As of the 2000 census, the San Luis Valley has a population of 46,190 residents and remains the poorest region of Colorado.  Currently 19.6% of the SLV’s residents live below the poverty line compared to the state average of 9%.  This number is even starker when looking at the 2010 KIDS COUNT in Colorado survey, put out by the Colorado Children’s Campaign.  The survey reports that 30.4% of children below the age of 18 living in the San Luis Valley live in poverty in comparison to the 14.4% state average.
Poverty does not necessarily beget individuals with high need, but because of homelessness, abuse, and low educational achievement individuals and families find themselves in situations that are unsupportive to their mental, physical, and emotional development and engagement of the world around them.
La Puente was started in 1982 as a response to the community’s need to house and provide assistance to the homeless and under-served families and individuals in the Valley.   Originally operated through a local Catholic church, La Puente began as a homeless shelter in the church’s basement.  Throughout the late 1980s and the 1990s, La Puente Home expanded to provide a variety of services needed by the San Luis Valley community.   For example in the 1991, La Puente began the Adelante Family Self-Sufficiency Program, the first rural transitional housing program in Colorado. La Puente Enterprises, including Milagros Coffee House, Rainbows End Thrift Store, and Hunt Avenue Boutique, also grew as a means to provide revenue to support La Puente’s programs.  Since 2000, the organization has doubled the size of the shelter in order to serve the increasing needs of the growing community.

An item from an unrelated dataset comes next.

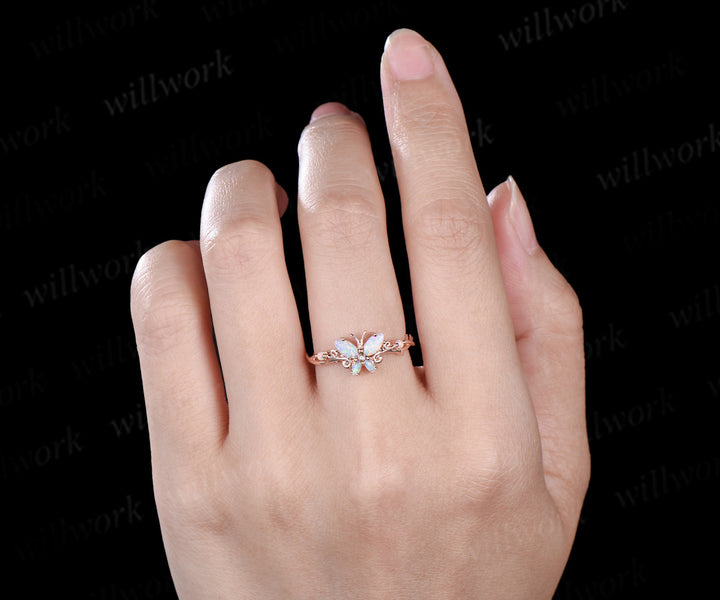 Butterfly Marquise Amethyst Engagement Ring solid 14k rose gold October birthstone branch wedding ring women jewelry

Where do you fit in?  La Puente has a variety of volunteer opportunities and regular community activities you can join in.  Every fall, we host HOPE (Homeless Organizations Promoting Education) Week, a series of activities to raise awareness and engagement of the challenges many of our community members face.  During the past several years, we have also partnered with ASC during Autumn at Adams to organize a full day of volunteer opportunities.
Our mission in partnership with you is to encourage and provide ways for you to understand and engage the community you find yourself living in.  Mahatma Gandhi spoke truth when he said, “the best way to find yourself is to lose yourself in the service of others.”
To learn more about La Puente’s work around the valley and the various ways you can get personally involved, call our Community Education office at 719-587-3499 or email us at volunteers.lapuente@gmail.com.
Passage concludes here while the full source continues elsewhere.